DATA RECORDS:
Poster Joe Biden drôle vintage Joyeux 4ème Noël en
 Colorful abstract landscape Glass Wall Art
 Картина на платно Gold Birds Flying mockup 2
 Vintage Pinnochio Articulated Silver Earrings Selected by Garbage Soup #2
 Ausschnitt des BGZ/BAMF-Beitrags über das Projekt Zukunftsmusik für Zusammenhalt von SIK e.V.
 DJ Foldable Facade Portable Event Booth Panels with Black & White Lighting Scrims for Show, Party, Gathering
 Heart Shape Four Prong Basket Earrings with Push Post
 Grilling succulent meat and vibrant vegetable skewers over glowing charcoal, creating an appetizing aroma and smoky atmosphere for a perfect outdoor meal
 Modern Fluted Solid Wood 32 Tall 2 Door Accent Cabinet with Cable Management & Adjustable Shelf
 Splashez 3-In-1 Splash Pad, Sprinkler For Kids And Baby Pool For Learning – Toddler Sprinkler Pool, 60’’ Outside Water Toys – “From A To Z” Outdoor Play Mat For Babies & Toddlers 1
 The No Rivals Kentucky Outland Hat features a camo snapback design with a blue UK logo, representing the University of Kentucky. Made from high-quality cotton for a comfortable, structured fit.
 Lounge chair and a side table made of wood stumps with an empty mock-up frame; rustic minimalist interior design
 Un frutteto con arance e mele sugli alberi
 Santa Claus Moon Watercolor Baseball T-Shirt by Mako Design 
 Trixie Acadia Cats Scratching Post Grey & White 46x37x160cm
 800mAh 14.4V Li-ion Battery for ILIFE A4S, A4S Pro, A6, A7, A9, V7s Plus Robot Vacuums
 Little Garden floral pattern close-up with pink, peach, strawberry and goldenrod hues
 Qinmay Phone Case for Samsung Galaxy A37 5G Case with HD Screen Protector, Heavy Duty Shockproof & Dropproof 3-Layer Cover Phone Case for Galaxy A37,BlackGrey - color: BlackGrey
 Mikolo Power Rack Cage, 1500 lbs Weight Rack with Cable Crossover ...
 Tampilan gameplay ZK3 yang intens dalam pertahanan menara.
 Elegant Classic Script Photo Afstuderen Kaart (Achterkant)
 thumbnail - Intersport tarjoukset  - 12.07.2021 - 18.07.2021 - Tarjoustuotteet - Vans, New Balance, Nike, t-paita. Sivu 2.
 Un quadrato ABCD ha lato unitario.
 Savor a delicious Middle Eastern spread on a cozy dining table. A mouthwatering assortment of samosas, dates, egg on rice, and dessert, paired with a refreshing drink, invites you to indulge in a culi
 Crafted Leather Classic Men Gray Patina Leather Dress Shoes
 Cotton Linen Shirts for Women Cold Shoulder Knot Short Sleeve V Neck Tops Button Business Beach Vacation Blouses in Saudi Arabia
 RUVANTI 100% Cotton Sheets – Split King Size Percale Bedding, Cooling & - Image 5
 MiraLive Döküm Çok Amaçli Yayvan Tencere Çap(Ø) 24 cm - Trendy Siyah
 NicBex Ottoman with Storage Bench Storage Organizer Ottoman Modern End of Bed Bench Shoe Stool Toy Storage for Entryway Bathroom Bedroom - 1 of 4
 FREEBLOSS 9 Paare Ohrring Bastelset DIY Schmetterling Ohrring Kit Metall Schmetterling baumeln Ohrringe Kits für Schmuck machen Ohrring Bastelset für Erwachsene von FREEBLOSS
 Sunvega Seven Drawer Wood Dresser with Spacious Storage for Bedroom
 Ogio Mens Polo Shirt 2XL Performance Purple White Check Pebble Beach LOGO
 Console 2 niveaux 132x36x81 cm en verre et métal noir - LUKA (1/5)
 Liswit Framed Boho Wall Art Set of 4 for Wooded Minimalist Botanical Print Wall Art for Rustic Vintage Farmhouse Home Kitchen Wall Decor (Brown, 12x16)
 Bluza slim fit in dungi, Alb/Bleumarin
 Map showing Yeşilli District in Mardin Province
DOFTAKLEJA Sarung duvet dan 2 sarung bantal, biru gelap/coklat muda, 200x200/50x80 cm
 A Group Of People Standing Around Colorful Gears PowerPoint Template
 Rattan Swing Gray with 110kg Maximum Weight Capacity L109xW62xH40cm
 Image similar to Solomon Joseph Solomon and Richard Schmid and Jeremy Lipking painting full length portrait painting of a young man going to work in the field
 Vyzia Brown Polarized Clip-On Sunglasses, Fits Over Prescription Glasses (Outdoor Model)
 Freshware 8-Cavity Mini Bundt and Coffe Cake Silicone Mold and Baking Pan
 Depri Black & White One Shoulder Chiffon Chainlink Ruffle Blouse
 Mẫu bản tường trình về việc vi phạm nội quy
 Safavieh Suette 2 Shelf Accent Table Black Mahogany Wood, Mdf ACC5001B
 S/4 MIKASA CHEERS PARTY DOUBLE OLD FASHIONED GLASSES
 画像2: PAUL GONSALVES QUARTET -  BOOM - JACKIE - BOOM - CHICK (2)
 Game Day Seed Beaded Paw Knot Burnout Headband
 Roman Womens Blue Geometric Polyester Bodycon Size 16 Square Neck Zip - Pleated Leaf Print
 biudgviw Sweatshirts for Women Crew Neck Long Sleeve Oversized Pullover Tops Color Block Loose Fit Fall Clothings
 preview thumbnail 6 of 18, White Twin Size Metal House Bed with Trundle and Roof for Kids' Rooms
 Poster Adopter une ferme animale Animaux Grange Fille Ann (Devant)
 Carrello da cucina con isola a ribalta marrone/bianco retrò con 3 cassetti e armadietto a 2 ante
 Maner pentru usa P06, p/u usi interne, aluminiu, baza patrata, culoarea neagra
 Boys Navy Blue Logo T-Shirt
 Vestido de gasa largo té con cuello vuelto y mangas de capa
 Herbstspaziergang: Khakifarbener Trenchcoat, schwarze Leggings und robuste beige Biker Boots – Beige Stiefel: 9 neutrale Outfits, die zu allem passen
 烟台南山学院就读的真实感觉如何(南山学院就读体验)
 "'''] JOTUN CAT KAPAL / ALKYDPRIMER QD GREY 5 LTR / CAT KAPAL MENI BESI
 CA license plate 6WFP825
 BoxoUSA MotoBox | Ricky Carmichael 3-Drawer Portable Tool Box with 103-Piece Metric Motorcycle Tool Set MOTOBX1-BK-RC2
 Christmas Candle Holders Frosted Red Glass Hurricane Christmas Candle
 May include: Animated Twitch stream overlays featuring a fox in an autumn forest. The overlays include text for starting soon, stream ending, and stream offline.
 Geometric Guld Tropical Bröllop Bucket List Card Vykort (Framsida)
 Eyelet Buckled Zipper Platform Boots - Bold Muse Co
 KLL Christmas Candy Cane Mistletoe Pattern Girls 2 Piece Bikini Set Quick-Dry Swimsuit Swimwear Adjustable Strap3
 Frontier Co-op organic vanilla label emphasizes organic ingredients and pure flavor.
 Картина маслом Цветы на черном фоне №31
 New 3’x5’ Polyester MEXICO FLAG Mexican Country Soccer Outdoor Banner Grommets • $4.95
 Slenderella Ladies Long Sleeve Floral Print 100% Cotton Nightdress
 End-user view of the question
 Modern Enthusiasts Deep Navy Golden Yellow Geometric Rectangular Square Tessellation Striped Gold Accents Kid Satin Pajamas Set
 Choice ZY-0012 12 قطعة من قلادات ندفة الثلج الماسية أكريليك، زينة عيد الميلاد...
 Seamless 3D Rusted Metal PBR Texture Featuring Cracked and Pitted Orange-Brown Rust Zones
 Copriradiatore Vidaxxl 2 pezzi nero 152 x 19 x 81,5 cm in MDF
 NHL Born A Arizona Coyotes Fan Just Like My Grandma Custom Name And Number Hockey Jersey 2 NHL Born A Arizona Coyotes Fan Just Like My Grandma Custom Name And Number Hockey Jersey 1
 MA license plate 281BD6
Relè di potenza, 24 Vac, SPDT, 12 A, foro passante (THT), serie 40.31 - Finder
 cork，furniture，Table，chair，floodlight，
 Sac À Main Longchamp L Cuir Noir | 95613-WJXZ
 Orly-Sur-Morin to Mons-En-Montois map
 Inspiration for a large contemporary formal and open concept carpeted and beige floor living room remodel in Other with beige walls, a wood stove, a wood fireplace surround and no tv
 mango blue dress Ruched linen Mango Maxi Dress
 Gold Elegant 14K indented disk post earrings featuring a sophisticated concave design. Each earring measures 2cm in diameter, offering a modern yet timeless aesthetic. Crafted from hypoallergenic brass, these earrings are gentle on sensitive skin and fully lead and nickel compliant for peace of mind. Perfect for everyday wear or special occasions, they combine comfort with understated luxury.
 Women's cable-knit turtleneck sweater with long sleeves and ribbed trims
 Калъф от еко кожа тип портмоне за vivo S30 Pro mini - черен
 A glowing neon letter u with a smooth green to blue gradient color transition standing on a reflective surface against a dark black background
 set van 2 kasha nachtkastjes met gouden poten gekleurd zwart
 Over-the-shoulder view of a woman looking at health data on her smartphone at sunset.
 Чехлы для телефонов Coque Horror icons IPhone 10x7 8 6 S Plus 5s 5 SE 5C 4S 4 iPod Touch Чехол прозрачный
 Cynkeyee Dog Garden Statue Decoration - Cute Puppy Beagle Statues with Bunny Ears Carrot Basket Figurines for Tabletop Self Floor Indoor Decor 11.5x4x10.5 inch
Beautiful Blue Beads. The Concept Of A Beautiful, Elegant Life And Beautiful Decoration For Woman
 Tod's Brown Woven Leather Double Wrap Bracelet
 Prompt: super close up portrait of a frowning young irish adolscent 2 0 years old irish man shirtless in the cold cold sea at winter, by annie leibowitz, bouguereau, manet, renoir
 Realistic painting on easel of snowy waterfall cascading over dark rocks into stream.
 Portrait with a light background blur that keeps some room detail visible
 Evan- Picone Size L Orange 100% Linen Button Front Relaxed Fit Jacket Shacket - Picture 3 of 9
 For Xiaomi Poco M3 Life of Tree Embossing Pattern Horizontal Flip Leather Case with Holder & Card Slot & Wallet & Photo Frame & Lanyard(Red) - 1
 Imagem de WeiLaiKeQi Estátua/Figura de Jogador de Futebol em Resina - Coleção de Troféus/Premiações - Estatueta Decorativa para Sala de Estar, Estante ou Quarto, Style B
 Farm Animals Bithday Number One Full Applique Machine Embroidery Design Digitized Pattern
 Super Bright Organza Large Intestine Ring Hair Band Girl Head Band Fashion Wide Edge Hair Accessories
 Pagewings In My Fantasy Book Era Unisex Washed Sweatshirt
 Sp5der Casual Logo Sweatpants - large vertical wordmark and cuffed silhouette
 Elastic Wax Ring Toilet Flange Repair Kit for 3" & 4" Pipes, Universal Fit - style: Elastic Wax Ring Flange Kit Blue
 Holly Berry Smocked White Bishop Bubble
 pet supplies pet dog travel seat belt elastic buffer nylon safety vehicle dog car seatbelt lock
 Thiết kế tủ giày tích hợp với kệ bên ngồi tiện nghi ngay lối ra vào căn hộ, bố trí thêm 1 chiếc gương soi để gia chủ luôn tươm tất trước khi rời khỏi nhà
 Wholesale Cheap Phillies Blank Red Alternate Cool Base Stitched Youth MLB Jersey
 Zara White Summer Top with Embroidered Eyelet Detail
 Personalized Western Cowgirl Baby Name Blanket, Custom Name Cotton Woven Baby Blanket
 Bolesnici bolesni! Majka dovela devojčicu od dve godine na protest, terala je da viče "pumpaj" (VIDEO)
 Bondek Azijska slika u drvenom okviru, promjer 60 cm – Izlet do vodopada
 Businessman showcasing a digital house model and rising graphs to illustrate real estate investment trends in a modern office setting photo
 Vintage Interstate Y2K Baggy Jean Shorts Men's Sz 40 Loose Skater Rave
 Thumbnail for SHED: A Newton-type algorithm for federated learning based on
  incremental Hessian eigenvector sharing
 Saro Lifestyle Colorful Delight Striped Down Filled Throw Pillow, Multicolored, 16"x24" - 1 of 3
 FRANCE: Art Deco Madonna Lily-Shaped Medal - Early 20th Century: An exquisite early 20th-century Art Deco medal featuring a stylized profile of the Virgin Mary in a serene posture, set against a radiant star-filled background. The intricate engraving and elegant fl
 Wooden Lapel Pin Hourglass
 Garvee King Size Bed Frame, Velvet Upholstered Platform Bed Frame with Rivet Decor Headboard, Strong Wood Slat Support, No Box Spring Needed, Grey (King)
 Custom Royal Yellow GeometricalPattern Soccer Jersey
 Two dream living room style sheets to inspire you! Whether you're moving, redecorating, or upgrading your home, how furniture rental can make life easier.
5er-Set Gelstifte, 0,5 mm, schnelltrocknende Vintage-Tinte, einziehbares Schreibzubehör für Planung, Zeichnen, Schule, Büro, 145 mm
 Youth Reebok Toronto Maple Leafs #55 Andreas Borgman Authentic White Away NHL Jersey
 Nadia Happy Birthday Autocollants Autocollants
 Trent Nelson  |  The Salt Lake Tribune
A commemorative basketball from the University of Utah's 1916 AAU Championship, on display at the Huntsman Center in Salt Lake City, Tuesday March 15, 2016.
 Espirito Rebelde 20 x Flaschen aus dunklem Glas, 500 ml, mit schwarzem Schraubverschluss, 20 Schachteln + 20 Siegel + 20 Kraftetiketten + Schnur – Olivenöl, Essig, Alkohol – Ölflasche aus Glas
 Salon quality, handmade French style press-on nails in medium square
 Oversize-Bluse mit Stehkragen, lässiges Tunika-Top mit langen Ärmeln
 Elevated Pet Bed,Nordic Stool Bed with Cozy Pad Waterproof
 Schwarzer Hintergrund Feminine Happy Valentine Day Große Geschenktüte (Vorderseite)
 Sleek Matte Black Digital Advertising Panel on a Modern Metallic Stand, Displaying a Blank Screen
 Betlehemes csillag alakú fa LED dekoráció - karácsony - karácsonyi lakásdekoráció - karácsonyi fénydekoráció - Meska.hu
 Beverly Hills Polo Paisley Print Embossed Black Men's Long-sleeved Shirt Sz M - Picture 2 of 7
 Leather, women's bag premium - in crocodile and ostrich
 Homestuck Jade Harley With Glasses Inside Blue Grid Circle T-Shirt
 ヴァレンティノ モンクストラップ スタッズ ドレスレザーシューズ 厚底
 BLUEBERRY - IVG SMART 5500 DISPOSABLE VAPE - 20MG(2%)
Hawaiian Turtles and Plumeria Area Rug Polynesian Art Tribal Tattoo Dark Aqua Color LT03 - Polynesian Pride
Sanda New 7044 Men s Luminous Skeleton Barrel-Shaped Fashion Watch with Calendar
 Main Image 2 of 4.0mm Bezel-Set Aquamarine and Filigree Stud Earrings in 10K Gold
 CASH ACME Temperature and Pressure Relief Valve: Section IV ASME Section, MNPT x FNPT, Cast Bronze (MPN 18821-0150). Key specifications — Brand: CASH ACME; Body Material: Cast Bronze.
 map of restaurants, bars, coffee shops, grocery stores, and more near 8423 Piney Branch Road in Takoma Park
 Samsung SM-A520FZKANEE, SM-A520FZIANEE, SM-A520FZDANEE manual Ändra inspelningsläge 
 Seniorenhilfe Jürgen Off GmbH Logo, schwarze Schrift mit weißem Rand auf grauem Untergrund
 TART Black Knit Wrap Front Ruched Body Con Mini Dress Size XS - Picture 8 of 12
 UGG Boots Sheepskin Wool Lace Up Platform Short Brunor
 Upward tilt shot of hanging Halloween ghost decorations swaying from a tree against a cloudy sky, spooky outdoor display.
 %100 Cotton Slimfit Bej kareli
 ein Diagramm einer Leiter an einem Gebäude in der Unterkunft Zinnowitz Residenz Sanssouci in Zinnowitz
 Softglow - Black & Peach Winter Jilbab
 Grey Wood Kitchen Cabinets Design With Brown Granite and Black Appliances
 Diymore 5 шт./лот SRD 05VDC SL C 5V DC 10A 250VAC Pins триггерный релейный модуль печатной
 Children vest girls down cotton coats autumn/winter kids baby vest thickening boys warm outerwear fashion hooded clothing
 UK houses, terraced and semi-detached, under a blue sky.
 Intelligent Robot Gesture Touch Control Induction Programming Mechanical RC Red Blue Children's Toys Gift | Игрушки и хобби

WORK INSTRUCTION:
Find where "ein Diagramm einer" occurs in the data, and please write out that line through the last line exactly, with nothing else.

EXPECTED OUTPUT:
 ein Diagramm einer Leiter an einem Gebäude in der Unterkunft Zinnowitz Residenz Sanssouci in Zinnowitz
 Softglow - Black & Peach Winter Jilbab
 Grey Wood Kitchen Cabinets Design With Brown Granite and Black Appliances
 Diymore 5 шт./лот SRD 05VDC SL C 5V DC 10A 250VAC Pins триггерный релейный модуль печатной
 Children vest girls down cotton coats autumn/winter kids baby vest thickening boys warm outerwear fashion hooded clothing
 UK houses, terraced and semi-detached, under a blue sky.
 Intelligent Robot Gesture Touch Control Induction Programming Mechanical RC Red Blue Children's Toys Gift | Игрушки и хобби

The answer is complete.